Runtime ConfigMap Injection¶
Operator creates asya-runtime ConfigMap in actor's namespace containing asya_runtime.py.
ConfigMap structure:
apiVersion: v1
kind: ConfigMap
metadata:
name: asya-runtime
namespace: <actor-namespace>
data:
asya_runtime.py: |
<runtime script content>
Mount into pods:
volumeMounts:
- name: asya-runtime
mountPath: /opt/asya/asya_runtime.py
subPath: asya_runtime.py
readOnly: true
Runtime script source:
- Default:
/runtime/asya_runtime.py(embedded in operator image) - Override via operator env:
ASYA_RUNTIME_SCRIPT_PATH
Update behavior: ConfigMap updated if content differs from source file.
Sidecar Injection¶
Operator injects asya-sidecar container into every actor pod.
Sidecar image:
- Default:
asya-sidecar:latest - Override via operator env:
ASYA_SIDECAR_IMAGE - Override per-actor:
spec.sidecar.image
Injected environment variables:
ASYA_ACTOR_NAME- Actor name (for queue naming)ASYA_TRANSPORT- Transport type (sqs, rabbitmq)ASYA_GATEWAY_URL- Gateway URL (if configured)ASYA_IS_END_ACTOR- Set totrueforhappy-endanderror-endactors- Transport-specific variables (AWS region, RabbitMQ host, etc.)
Shared volumes:
socket-dir- Unix socket directory (/var/run/asya)tmp- Temporary directory
Observability¶
Controller metrics (Prometheus):
controller_runtime_reconcile_total{controller="asyncactor"}- Total reconciliationscontroller_runtime_reconcile_errors_total{controller="asyncactor"}- Failed reconciliationscontroller_runtime_reconcile_time_seconds{controller="asyncactor"}- Reconciliation duration
Logs: Structured logging (JSON format) with reconciliation events, errors, and debug information.

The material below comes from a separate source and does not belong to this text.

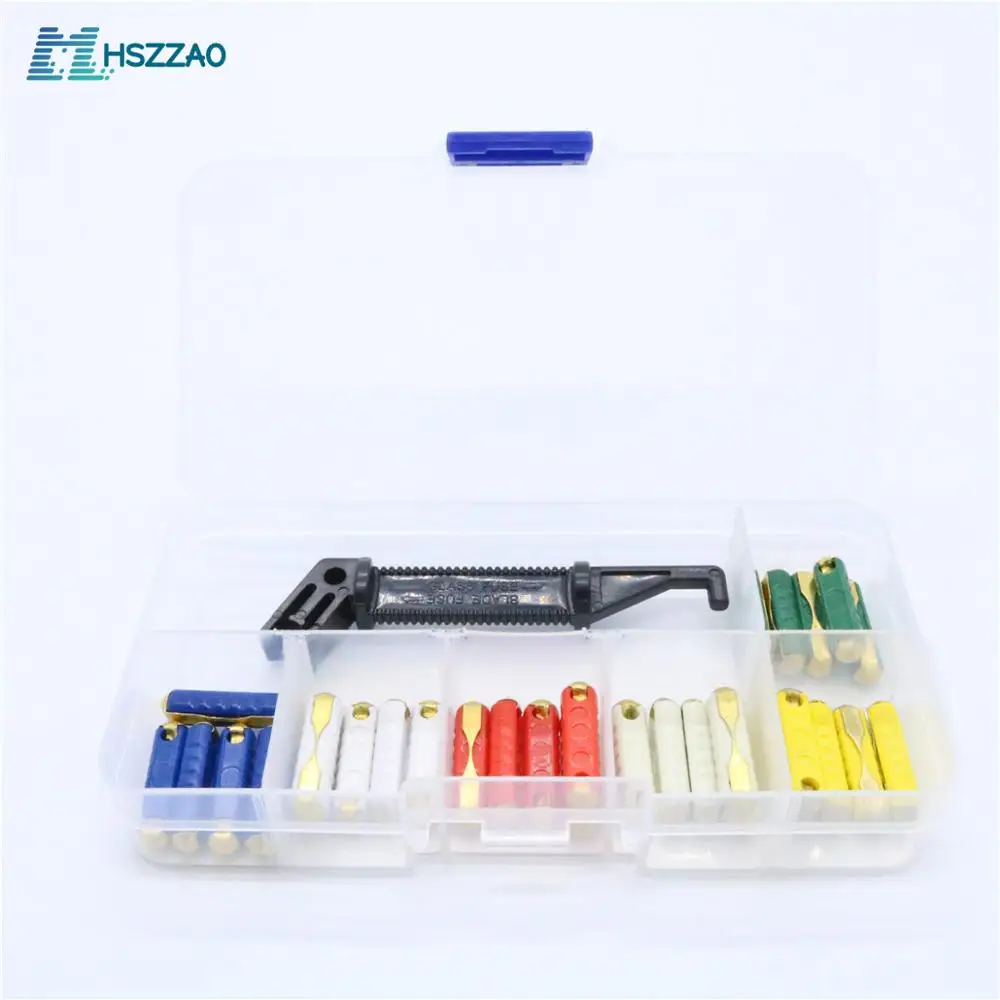 30 Pack Automotive European Car Blade Fuse Box Assortment Bakelite Auto Fuses 5-30Amp Auto Accessories
30 Pack Automotive European Car Blade Fuse Box Assortment Bakelite Auto Fuses 5-30Amp Auto Accessories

See: observability.md for monitoring setup.
Configuration¶
Operator configured via Helm values:
transports:
rabbitmq:
enabled: false
type: rabbitmq
config:
host: rabbitmq.default.svc.cluster.local
port: 5672
username: guest
passwordSecretRef:
name: rabbitmq-secret
key: password
sqs:
enabled: true
type: sqs
config:
region: us-east-1
AsyncActor references transport by name:
spec:
transport: sqs
Operator validates referenced transport exists.
Deployment Helm Charts¶
See: ../install/helm-charts.md for operator chart details.